A General Partner (GP) is the entity responsible for managing a private equity or venture capital fund, making investment decisions, overseeing portfolio companies, and executing the fund’s value-creation strategy.1 Unlike Limited Partners (LPs) who provide capital and remain passive investors, the GP plays an active operational role and assumes unlimited personal liability for the fund’s debts and obligations.1

Core Responsibilities and Duties

The GP’s primary responsibilities encompass the full lifecycle of fund management. These include raising capital from institutional and individual investors, identifying and evaluating potential investment opportunities, and executing deals on behalf of the fund.1 Once investments are made, GPs actively manage the portfolio, monitor performance, and strategise exits to generate returns for their investors.1

Day-to-day operational duties are extensive and include:

  • Creating the fund’s business plans and securing financing5
  • Scouting for talent and target businesses, attending pitch events and selecting investment targets5
  • Conducting due diligence and investigating targets’ affairs pre-investment5
  • Monitoring portfolio company performance post-investment5
  • Preparing and filing accounts and managing administrative functions5
  • Securing regulatory approvals5

Liability and Risk Structure

A defining characteristic of the GP role is unlimited liability.2 Whilst LPs have exposure limited only to their capital contribution, GPs can be held personally liable for the fund’s debts and obligations.1 To manage this exposure, GPs are typically structured as a Limited Liability Company (LLC) in which the individuals managing the fund are members or managers.2 This structure allows fund managers to limit their unlimited liability exposure to the assets within the GP LLC rather than reaching their personal assets as individuals.2

Fiduciary Duty and Governance

GPs operate under a fiduciary duty to act in the best interests of the fund’s LPs.1 This obligation requires GPs to manage the fund’s investments responsibly, disclose any potential conflicts of interest, and act with transparency.1 The relationship between GPs and LPs is formally governed by a Limited Partnership Agreement (LPA), which outlines the terms of the partnership, the rights and obligations of both parties, the fund’s investment strategy, fee structure, and other key details.1

Compensation Structure

GPs receive compensation through two primary mechanisms.
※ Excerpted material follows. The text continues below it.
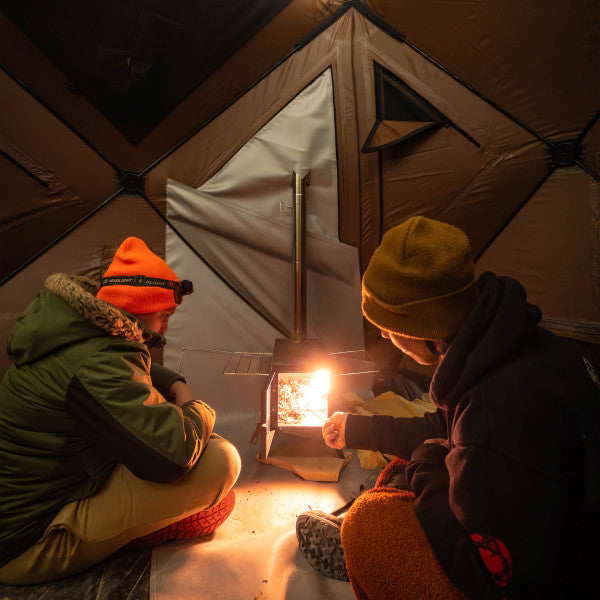 Desert Soil & ENO TERRA加熱パッドセット Backcountry Stove Jack Kit - by Gazelle Tents – Red Bear Outdoors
First, they collect a management fee, typically calculated as a percentage of assets under management, which covers operational costs and staff salaries.6 Second, and more significantly, GPs earn carried interest (or “carry”), which is a performance-based fee representing a percentage of the fund’s profits above a certain threshold.6 This carried interest aligns the GP’s interests with those of the LPs, as the GP benefits directly from successful investments and value creation.7

GPs typically have “skin in the game” by investing their own capital into the fund alongside LPs, further aligning incentives and demonstrating confidence in their investment thesis.7

Distinction from Limited Partners

The GP-LP relationship is fundamentally asymmetrical. Whilst all partners share ownership of the fund, they do not have equal rights or duties.5 GPs make all business decisions and manage fund operations, whilst LPs are passive investors who contribute capital but have minimal involvement in day-to-day activities.5 LPs may occasionally be consulted for advice or express opinions on deals, but their role is primarily to provide capital and monitor returns.7

Strategic Importance

The GP’s skills, expertise, and decision-making abilities significantly impact the fund’s performance and the return on investment for LPs.1 Because GPs bear the operational burden and assume the associated risks, they are compensated with both management fees and carried interest, creating a performance-driven incentive structure that encourages value creation and disciplined capital allocation.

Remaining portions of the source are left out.